FP8 Best Practices

This repository’s FP8 path is useful, but it is not a universal replacement for higher-precision execution.

Where FP8 fits well

  • matrix-multiplication-heavy inference paths,
  • projection layers where moderate quantization error is acceptable,
  • memory-sensitive inference workloads.

Where to stay cautious

  • normalization steps,
  • numerically fragile output heads,
  • any path where you have not compared against an FP16 or BF16 baseline.

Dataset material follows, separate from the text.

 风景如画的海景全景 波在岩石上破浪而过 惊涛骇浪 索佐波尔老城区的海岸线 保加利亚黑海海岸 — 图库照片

Prefer explicit validation

When you introduce FP8 into a new workload, compare against a higher-precision baseline:

import torch
from triton_ops import fp8_gemm

a = torch.randn(256, 512, device="cuda", dtype=torch.float16) * 0.02
b = torch.randn(512, 256, device="cuda", dtype=torch.float16) * 0.02

fp16_out = torch.matmul(a, b)
fp8_out = fp8_gemm(a, b)

rel_error = (fp8_out.float() - fp16_out.float()).abs() / (fp16_out.float().abs() + 1e-6)
print(rel_error.mean().item())

Automatic vs explicit quantization

Automatic quantization

Use:

out = fp8_gemm(a, b)

This is the shortest path and is usually a good starting point.

Explicit quantization

Use:

from triton_ops import quantize_fp8, fp8_gemm

a_fp8, a_scale = quantize_fp8(a)
b_fp8, b_scale = quantize_fp8(b)
out = fp8_gemm(a_fp8, b_fp8, a_scale, b_scale)

This is useful when:

  • you want to reuse quantized tensors,
  • you want visibility into scale values,
  • you want to control when quantization happens.

Overflow handling

The overflow helper is not part of the root-package export list.

from triton_ops.kernels.fp8_quantize import quantize_fp8_with_overflow_handling

Use it when you expect extreme ranges and want retry-based scale reduction before failing with NumericalOverflowError.

Integration advice for FP8Linear

FP8Linear caches quantized weights after the first forward. That is a strong fit for inference-oriented code, but it means you should be careful about using it in training loops where weights continue to update.

Rule of thumb

  • Keep the numerically sensitive boundaries in higher precision.
  • Use FP8 where the memory and throughput trade-off is actually paying off.
  • Always measure the model- or workload-level impact, not only the isolated kernel result.